Cicatrices de guerra: cuando la familia es la víctima
El impacto del conflicto armado en la estructura familiar se ve retratado a través de distintas historias condensadas en el artículo académico Desintegración y recomposición de la unidad familiar de las víctimas del conflicto armado en Colombia, encabezado por Iván Moreno, profesor e investigador del Instituto de La Familia. Este trabajo evidencia cómo el conflicto armado en Colombia generó en las familias sentimientos de tristeza, temor, desconfianza y pérdida de identidad como grupo, provocando el debilitamiento de las relaciones familiares. Además, hace visible un cambio de roles y, como consecuencia, el distanciamiento entre los integrantes.
Asimismo, hubo un empoderamiento de las mujeres en su función como cabeza de familia, dando soporte emocional y económico, y mostrando su resiliencia, emprendimiento y generosidad, lo cual permitió la posterior recomposición de la familia.
A continuación, conoce la historia de la familia López, uno de los relatos del estudio: Llegaron armados a la finca. Mi abuelito salió al patio con la toalla en el hombro, porque él siempre andaba con la toalla en el hombro, y el señor le dijo: “¡Las manos!”. Y mi abuelito dijo: “¡Yo no les voy a dar las manos!”. Después de ese momento, la vida de la familia López cambió para siempre.
Esta es la historia de Édgar, quien, como muchas otras personas del país, fue desplazado de su ciudad natal a raíz del conflicto armado y debió construir una nueva vida en Bogotá junto a su abuela, madre y tíos. Édgar asegura que, al día siguiente del crimen, su abuela recibió amenazas de muerte y, por eso, emprendieron un nuevo rumbo. Les tocó comenzar de cero y no fue fácil.

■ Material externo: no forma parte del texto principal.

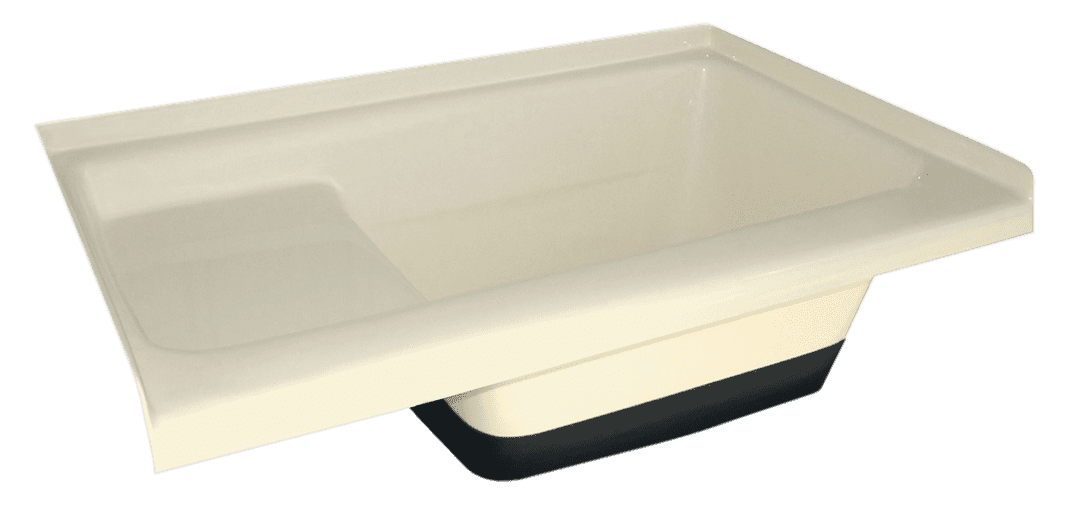 Colonial White ABS Sit-In Step Tub with Seat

Su esposa, que siempre dependió económicamente de su marido, encargada de los quehaceres del hogar, se vio obligada a buscar la manera de generar ingresos para atender sus necesidades básicas y las de sus hijos. Entonces, ella se volvió una figura de autoridad y respeto dentro que la familia, a quien nadie cuestionaba.
El desplazamiento les implicó pasar noches en la calle y días sin comer. Además, tuvieron que reconfigurar los roles, como el de la figura de líder de la abuela, mientras que los tíos se apropiaron del rol de proveedores y protectores, lo cual también les daba la capacidad de tomar decisiones. Por otra parte, la familia comenzó a desintegrarse, pues algunas de las hijas tomaron otro rumbo y se fueron a vivir al campo.
La falta de oportunidades llevó a que los miembros de la familia buscaran una oportunidad en ciudades distintas y, aunque con algunos intentan verse una o dos veces al año, Édgar dice: “Esta separación es el resultado de la violencia que, además de alejarlos físicamente, los distanció emocionalmente, circunstancia que les impide reconocerse como una familia unida”. Por otra parte, considera que entre ellos no existe la suficiente confianza para compartir las sensaciones que dejó ese pasado de violencia. Se reconocen como familia, pero no se sienten cómodos hablando de esas emociones íntimas. Así, la función de la familia como red de apoyo deja de existir.
Con un “no” rotundo, Édgar asegura que su familia no volverá a la finca de donde fueron obligados a salir. Dice que permanecerán en el lugar que cada uno ha fijado como su hogar, en Bogotá y Bucaramanga, y que procurarán que las relaciones familiares no decaigan. Finaliza la conversación diciendo que espera que su familia no tenga que volver a ponerle la cara a la violencia, pues ni él ni su familia tendrían la fortaleza física o emocional para sobrellevarla. Ya ha sido mucho para ellos llevar el dolor de un ser querido que ya no está por culpa de los grupos armados. Asegura que otro hecho similar destruiría sus logros: “Lo más difícil de continuar es seguir sonriendo”.